The potential parking management policies that Staff has included are drawn from the existing co-op regulations (BRC 9-6-3(b)). We’ve highlighted those off-street parking requirements as untenable for co-ops from the beginning. Alone, they would preclude most properties from being used by co-ops.
Staff has suggested that EcoPasses could be done instead of requiring large amounts of off-street parking. Obviously this is less restrictive than requiring both (as the existing code does), but this combination would force virtually all co-ops to be located in the relatively small fraction of the city that has a neighborhood EcoPass program.
If limitations on transportation impacts from co-ops are deemed necessary, we stand by our recommendation of limiting the number of vehicles associated with a co-op, with lease clauses being the primary enforcement mechanism.
Grandfathering & the Occupancy Enforcement Moratorium:
Several members of Council have expressed concern about integrating existing cooperative households into whatever regulatory framework is eventually adopted. I’d urge you not to spend too much effort on grandfathering (which sounds very complicated), and instead focus on giving existing communities an opportunity to transition on their own. One thing that would be very helpful in this regard is to publicly extend the moratorium on enforcing occupancy limits against co-ops until the August 1st following the adoption of the new policy, with no less than 60 days notice (meaning if the new law were passed on, say, July 1st 2017, the moratorium would extend until August 1st, 2018).
This would mean that most existing co-ops would be able to complete their leases, and have at least two months to organize themselves and find a new property with a landlord amenable to the formal co-op arrangement. If the moratorium ends mid-lease, many co-ops will be left in a vulnerable position — subject to eviction, but unable to finish their leases legally before transitioning to a legal situation.

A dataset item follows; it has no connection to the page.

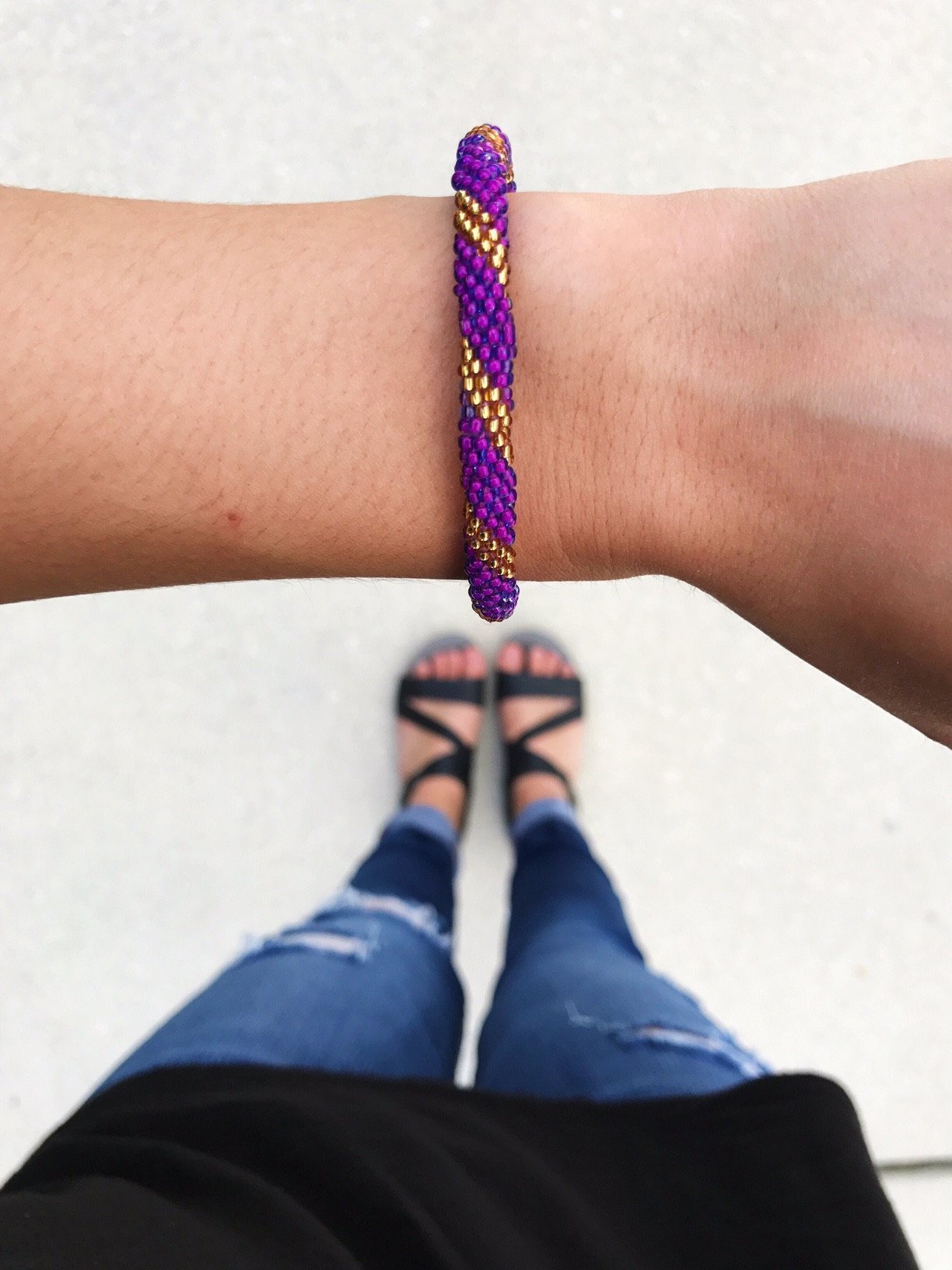 Handmade glass bead bracelet from Nepal, featuring a roll design. Also known as a beaded bracelet, seed bead bracelet, beach glass bracelet, or sea glass bracelet.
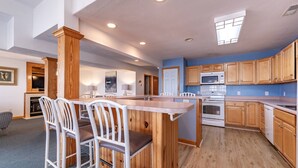 A modern kitchen with wooden cabinets, a central island with bar stools, and built-in appliances. - Cloud Nine - KDH MP 7, Semi-Oceanfront, Ocean View, 120 Yds to Beach, Pool, Hot Tub, Pets OK (Kill Devil Hills)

Additional Public Process:
Please remember that the existing, non-functional, co-op ordinance was the result of a homeowner & co-op advocate committee like the one suggested by Council member Young. We have a very good idea of what kinds of regulations will allow co-ops to exist, and what policies will end up precluding them. You know what the main homeowner concerns are. Enabling housing co-ops has been under discussion throughout Boulder’s housing policy discussions for almost 3 years. We’ve had a dysfunctional ordinance for 2 decades. It is ultimately a minor change, which will affect only a small number of dwelling units. The iterative legislative process is quite public — you would not be hearing from the public otherwise. What additional information are you hoping to get out of additional process? If you don’t think there’s additional information to be gathered that you wouldn’t have access to otherwise, then the additional process seems likely to satisfy nobody, while using up a lot of peoples’ time — potentially including Planning staff time which (as you are well aware) is in short supply, given the packed work plan.
Occupancy Limits in Different Zones:
To understand the potential impacts of the proposed different occupancy limits on co-ops, it’s informative to look at the existing legal cooperatives operated by the BHC.
- Chrysalis (2127 16th St.) typically has 200-250sf/person (depending on how many double-occupancy rooms there are at any given time).
- Masala (744 Marine St.) typically has 215-275sf/person.
- Ostara (2550 9th St.) has 265sf/person.
Thus under the draft variable occupancy limits, these co-ops would only be allowed in high density residential zones, excluding the vast majority of properties appropriate for a cooperative to inhabit (larger single family homes with a single kitchen). Are these well-tested cooperative households not exactly the kind of thing that we are trying to enable?
Intentional Community Legislation in Minneapolis, MN:
Finally, while speaking with other housing advocates at the YIMBY conference this weekend, I met someone from Minneapolis working on similar issues. It turns out that last summer Minneapolis was forcing intentional communities to disband, and this summer, they are considering a law that would allow intentional groups to live together as if they are a family. An FAQ and the draft ordinance is attached to that 2nd story. You’ll notice that it is far simpler and less restrictive than what you have before you.